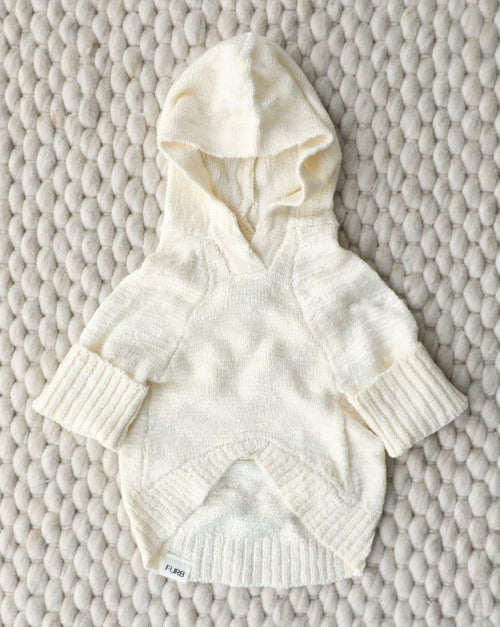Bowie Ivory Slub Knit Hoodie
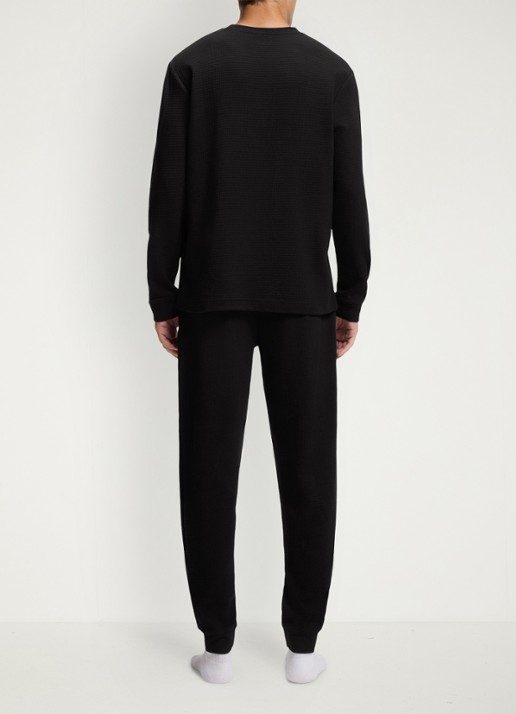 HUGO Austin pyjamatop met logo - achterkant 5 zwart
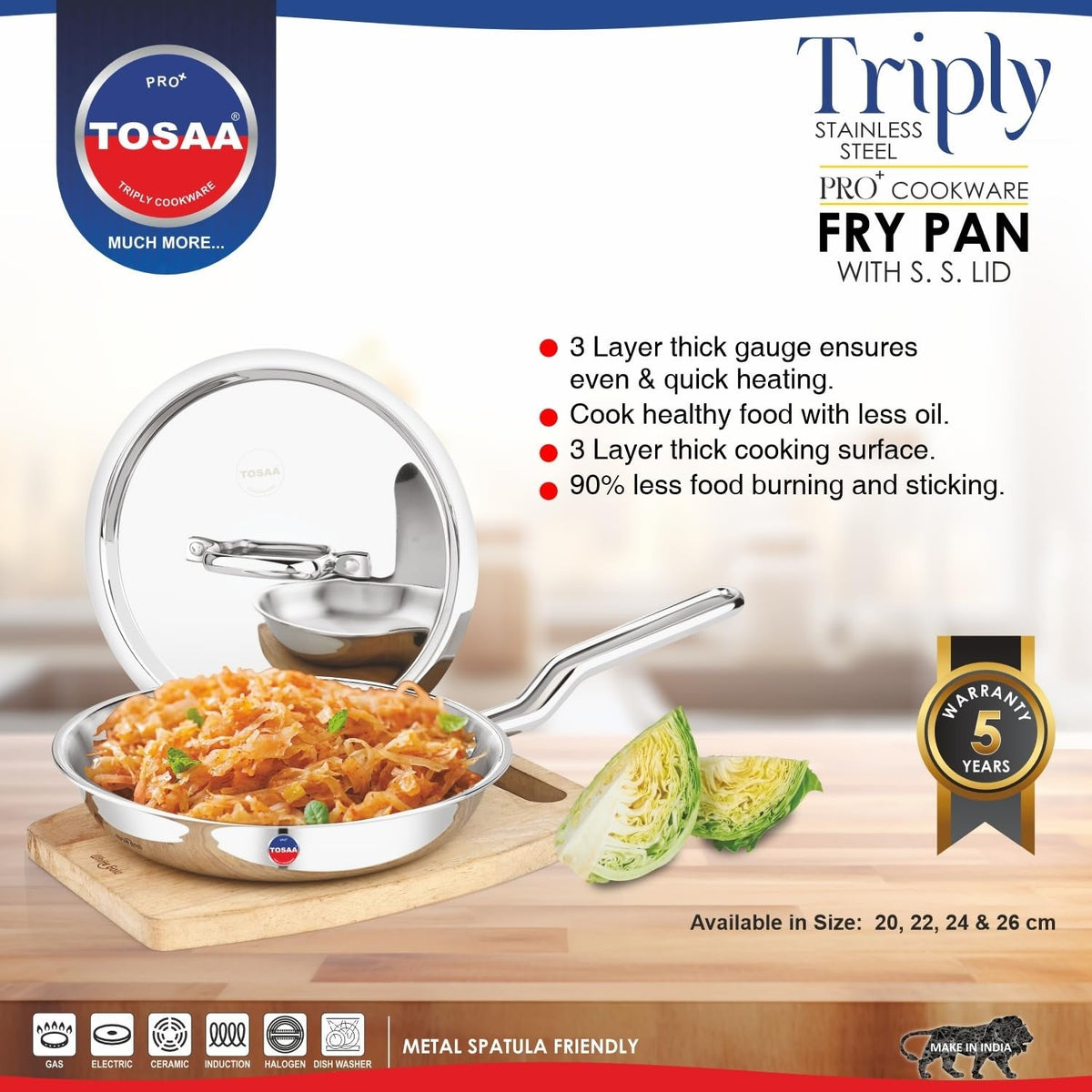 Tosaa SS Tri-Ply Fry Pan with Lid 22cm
########################################
Across the whole listing, reproduce each line verbatim and exclude every picture.

Bowie Ivory Slub Knit Hoodie
 HUGO Austin pyjamatop met logo - achterkant 5 zwart
 Tosaa SS Tri-Ply Fry Pan with Lid 22cm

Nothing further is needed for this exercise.